SpaceX has beat out the United Launch Alliance to win its second launch contract from the US Air Force. The contract, valued at $96.5 million, entails launching the Air Force’s third GPS III satellite sometime in 2019.
It’s the second time that SpaceX has won a launch contract from the military, but it’s the first time that the company competed with ULA for the gig. SpaceX received certification to launch military satellites in 2015 and then won its first Air Force launch contract in April 2016: a contract valued at $87.2 million to launch the military’s second GPS-III satellite. However, SpaceX essentially won the contract by default, since ULA — the only other launch provider certified to launch Air Force satellites — declined to bid for it. “SpaceX is proud to have been selected to support this important National Security Space Mission,” SpaceX President Gwynne Shotwell said in a statement. “We appreciate the confidence that the U.S. Air Force has placed in our company and we look forward to working together towards the successful launch of another GPS-III mission."

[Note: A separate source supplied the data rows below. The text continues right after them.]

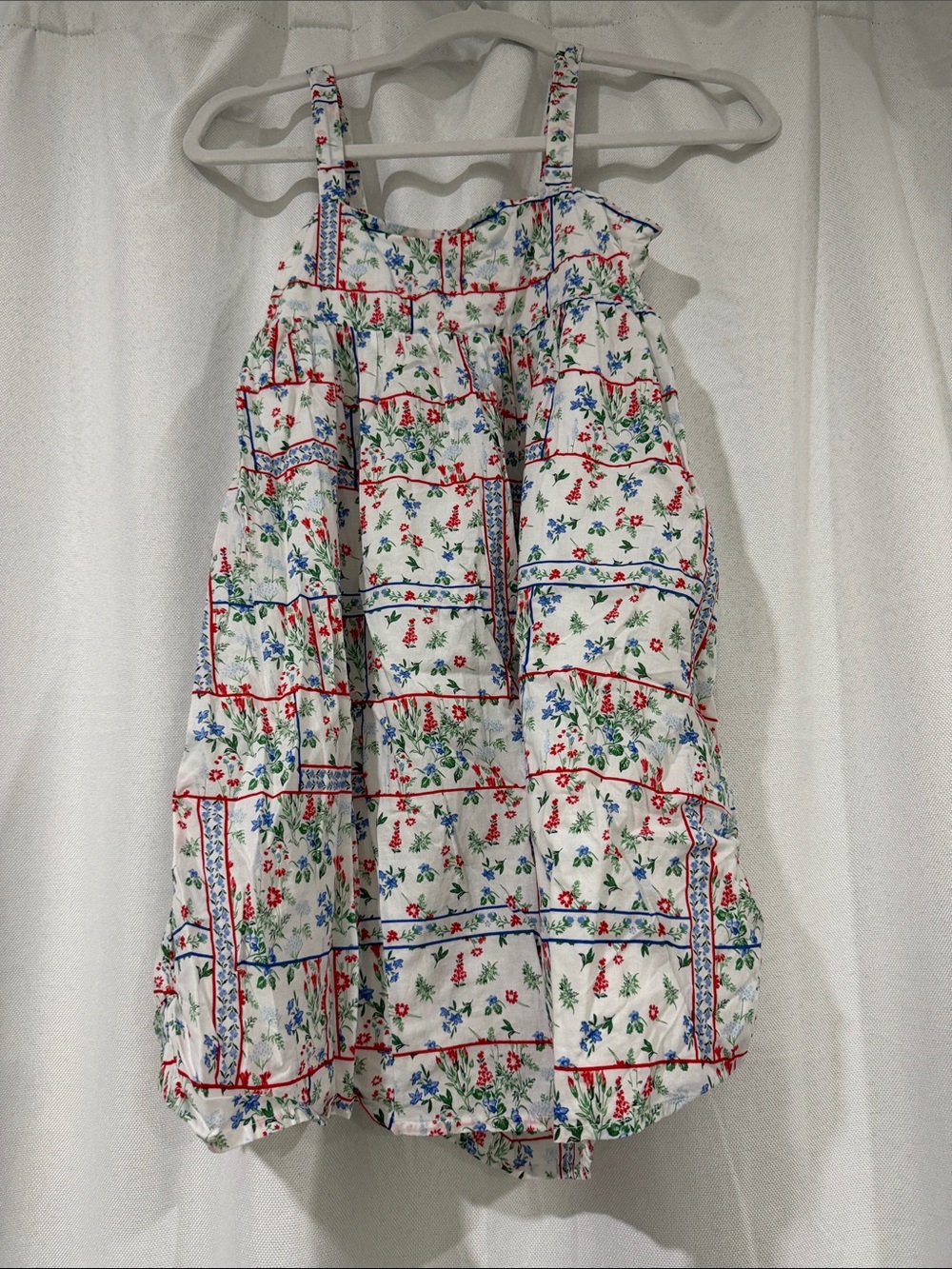 Janie and Jack White Floral Sundress with Red & Blue Accents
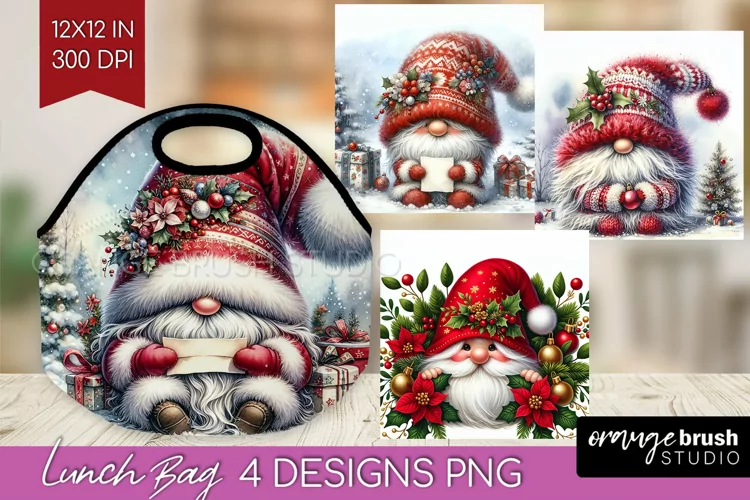 Christmas Gnome Lunch Bag - Cute Gnome Lunch Bug PNG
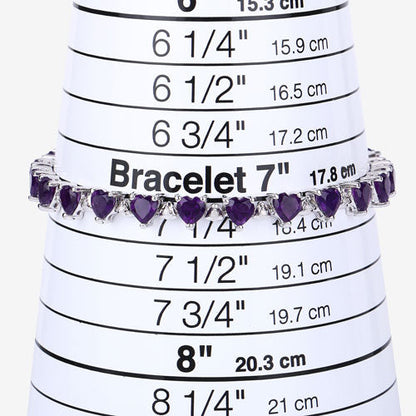 10.01 Carat Genuine Amethyst and White Diamond .925 Sterling Silver Bracelet Bids.com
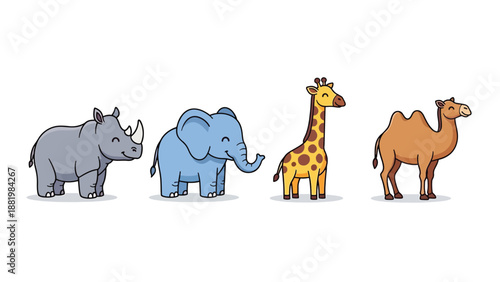 Cute Cartoon African Animals Collection Isolated on White Background.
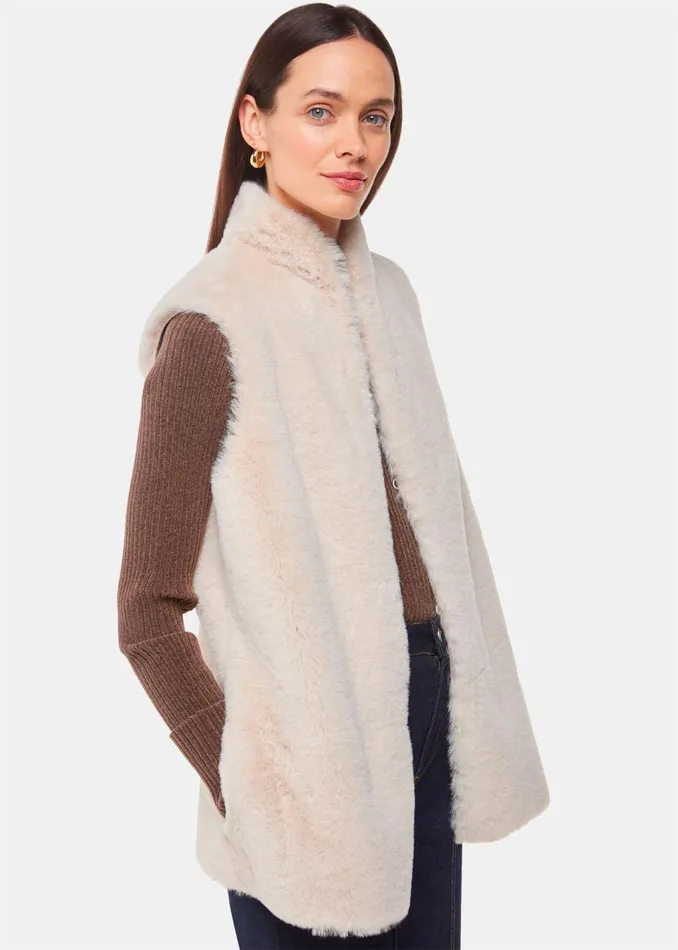 Neutral Faux Fur Gilet Women Whistles Coats and Jackets
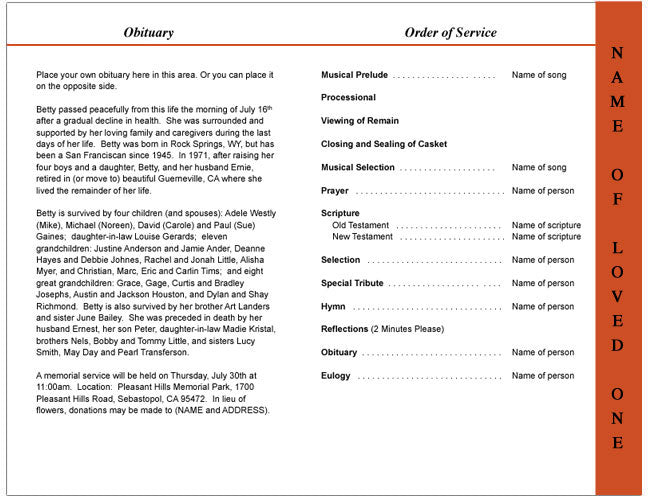 Mustang 4-Sided Graduated Funeral Program Template.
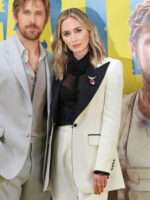 Emily Blunt The Fall Guy Black and White Blazer Sale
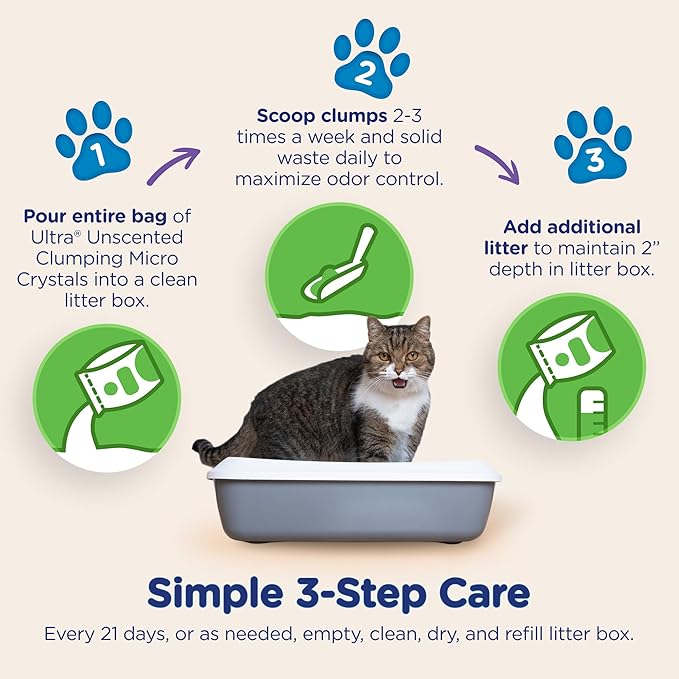 Ultra Clumping Micro Crystals Cat Litter - Dust Free, Soft on Paws, Fragrance Free - 5 Lbs.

In fact, ULA, a joint venture between Boeing and Lockheed Martin, has been the sole launcher of military satellites for the past decade. But when it came time to compete with SpaceX for an Air Force launch contract, ULA claimed that it would not have its main rocket, the Atlas V, available for the mission due to restrictions from Congress. Additionally, a former ULA executive claimed that the company didn’t want to get into a “cost shootout” with SpaceX. However, ULA said it would compete for the third GPS III satellite.
And there could be even more SpaceX and ULA competitions coming up. The contract that SpaceX won today was the second of nine launch contracts the Air Force plans to put up for bid through 2017. And it’s hard to ignore the cost differences between the two companies. SpaceX claims that one launch of its Falcon 9 rocket starts at $62 million, while the baseline price of the simplest version of an Atlas V starts at $109 million, according to ULA CEO Tory Bruno. And just a year ago, the Atlas V was starting at $184 million. However, ULA has argued that the Air Force should factor in reliability and not just cost when making decisions about which vehicles will launch military satellites.
3/15/17 11:02 a.m. ET Update: This story has been updated to include a statement from SpaceX.